中小企業の資金調達方法の一般的な特徴に関する次の記述のうち、最も適切なものはどれか。
  1. 企業が金融機関から直接融資を受けて資金を調達する方法は直接金融に分類され、企業が株式や債券の発行により市場を経由して資金を調達する方法は間接金融に分類される。
  2. インパクトローンは、企業が金融機関から外貨建ての融資を受けて資金を調達する方法であり、その資金使途は、海外事業の展開・再編に係るものに限られる。
  3. ABL(アセット・ベースト・レンディング)は、企業が保有する売掛債権や在庫・機械設備等の資産を担保として金融機関から融資を受けて資金を調達する方法である。
  4. 第三者割当増資は、特定の既存株主に限定して新株引受権を与え、新たに株式を発行して資金を調達する方法である。

正解 3

解説

  1. 不適切。企業の資金調達方法は、投資家から直接資金を調達する「直接金融」と、銀行などの金融機関を通じて資金を調達する「間接金融」に大別されます。本肢は説明が逆です。
    直接金融
    資金を必要とする企業が、株式や債券を発行して、投資家から直接資金を集める仕組み
    間接金融
    銀行などの金融機関が個人や企業から預金を集め、その資金をもとに、資金を必要とする企業や個人へ貸し付ける仕組み
  2. 不適切。インパクトローンとは、外貨で融資を受ける資金調達方法のことをいいます。一般に借入期間や金額、返済方法の制限はなくその資金使途も限定されていません。これに対し、貸付者により使途が限定されている外貨建て融資を「タイドローン」といいます。
    インパクトローンは、米ドル等の外貨によって資金を調達する方法であり、その資金使途は限定されていない。2023.5-9-2
    インパクトローンは、米ドル等の外貨によって資金を調達する方法であり、その資金使途は、海外事業の展開・再編に係るものに限定されている。2022.9-10-4
    インパクトローンは、米ドル等の外貨によって資金を調達する方法であり、その資金使途は限定されていない。2021.5-10-2
  3. [適切]。ABL(Asset Based Lending:動産・債権担保融資)は、企業が保有する売掛金等の債権・在庫・機械設備等などの流動性の高い資産、特許権等の知的財産等を担保として融資を受ける方法です。不動産を担保にできない中小企業でも、事業規模に合った融資を受けることができます。

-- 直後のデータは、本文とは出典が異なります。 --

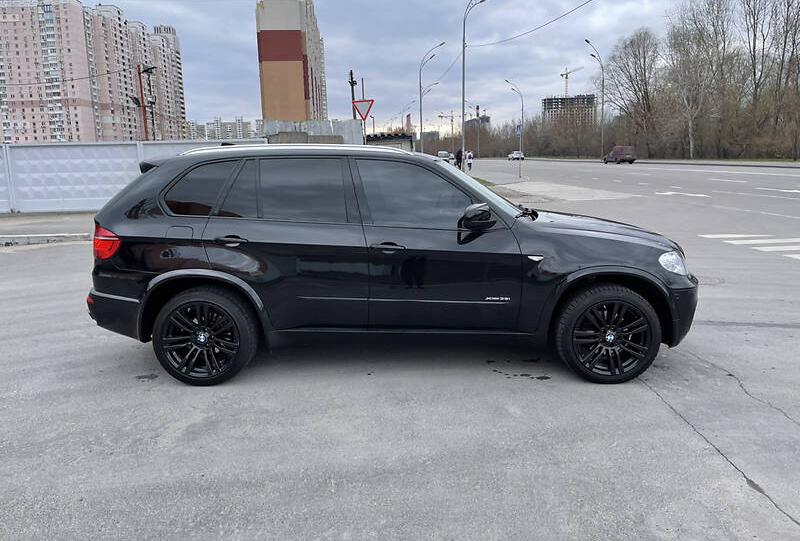 BMW X5 2013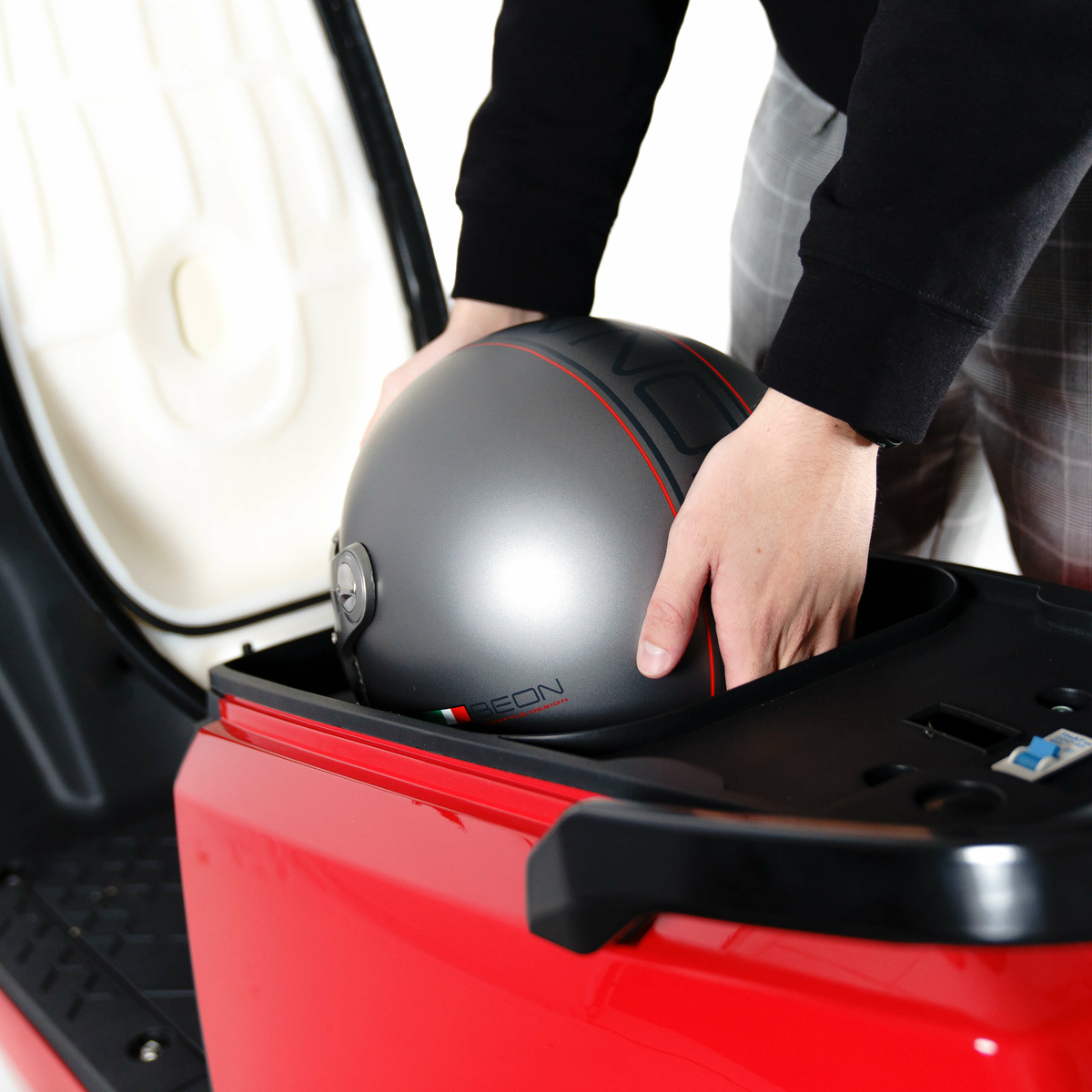 La Souris - E-ID S6 Bosch - Red (15)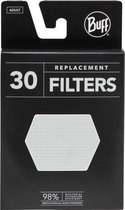 BUFF® Mondkapjes Vervangings Filters - set van 30 stuks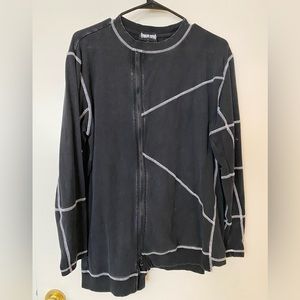 DollsKill: darker wavs long sleeve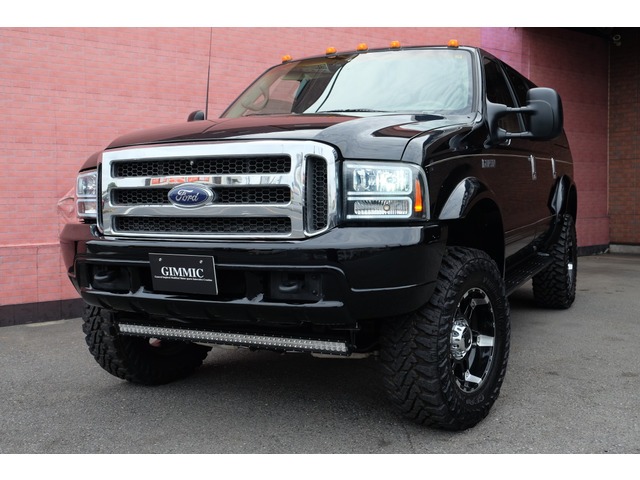 エクスカージョンリミテッド 6.8 V10 4WD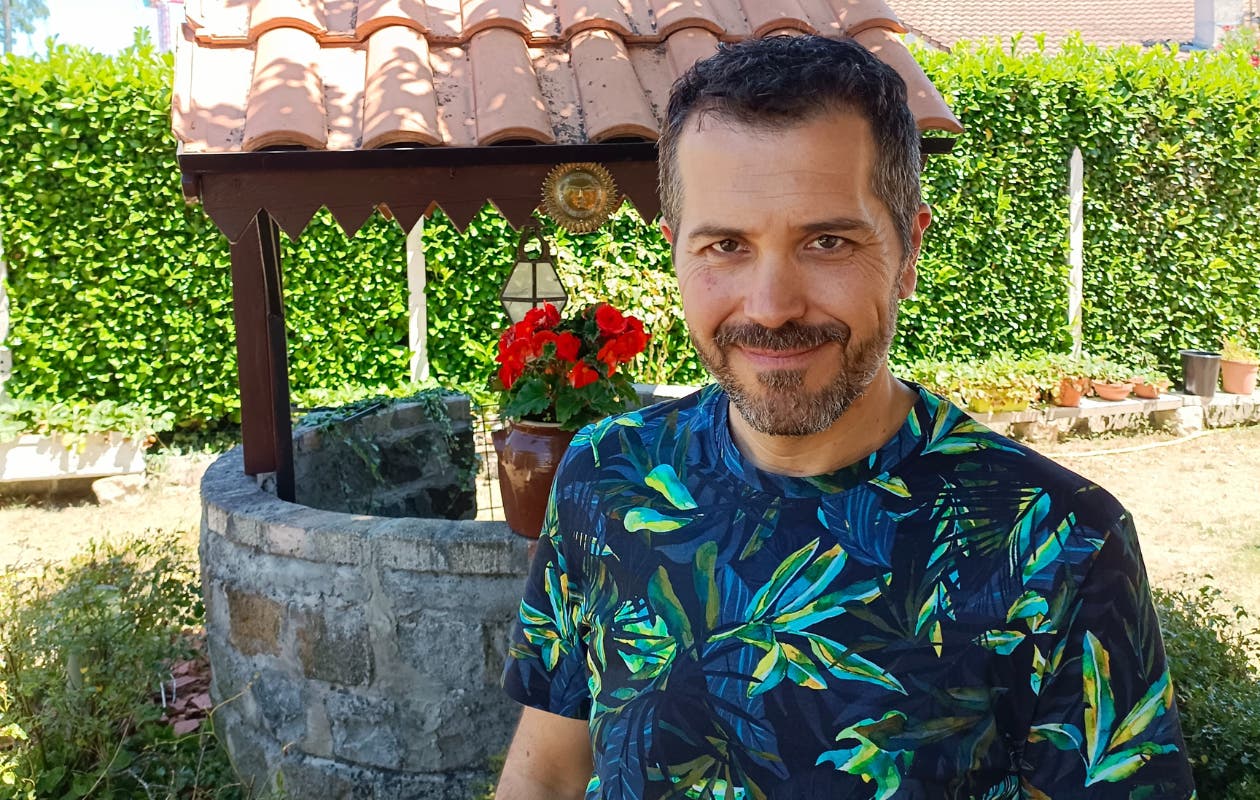 Fabien, - 35kg : « Depuis mon inscription à WeightWatchers, je fais des choix plus sains dans ma vie. »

    ABL(動産・債権担保融資)は、企業が保有する売掛債権や在庫・機械設備等の資産を担保として資金を調達する方法である。2023.9-10-3
    ABL(アセット・ベースト・レンディング)は、企業が保有する売掛債権を期日前に売却することにより資金を調達する方法である。2015.1-10-2
  4. 不適切。第三者割当増資は、既存株主であるか否かに関係なく、特定の第三者に新株引受権を与え、新たに株式を発行して資金を調達する方法です。

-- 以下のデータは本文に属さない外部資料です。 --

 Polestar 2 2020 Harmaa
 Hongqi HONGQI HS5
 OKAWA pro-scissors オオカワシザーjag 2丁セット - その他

    第三者割当増資は、特定の既存株主に限定して新株引受権を与え、新たに株式を発行して資金を調達する方法である。2015.10-10-2
    第三者割当増資は、特定の既存株主に限定して新株引受権を与え、新たに株式を発行して資金を調達する方法である。2014.9-10-2
    第三者割当増資は、特定の既存株主に限定して、新株引受権を与えて株式を発行して資金を調達する方法である。2013.9-10-1
したがって適切な記述は[3]です。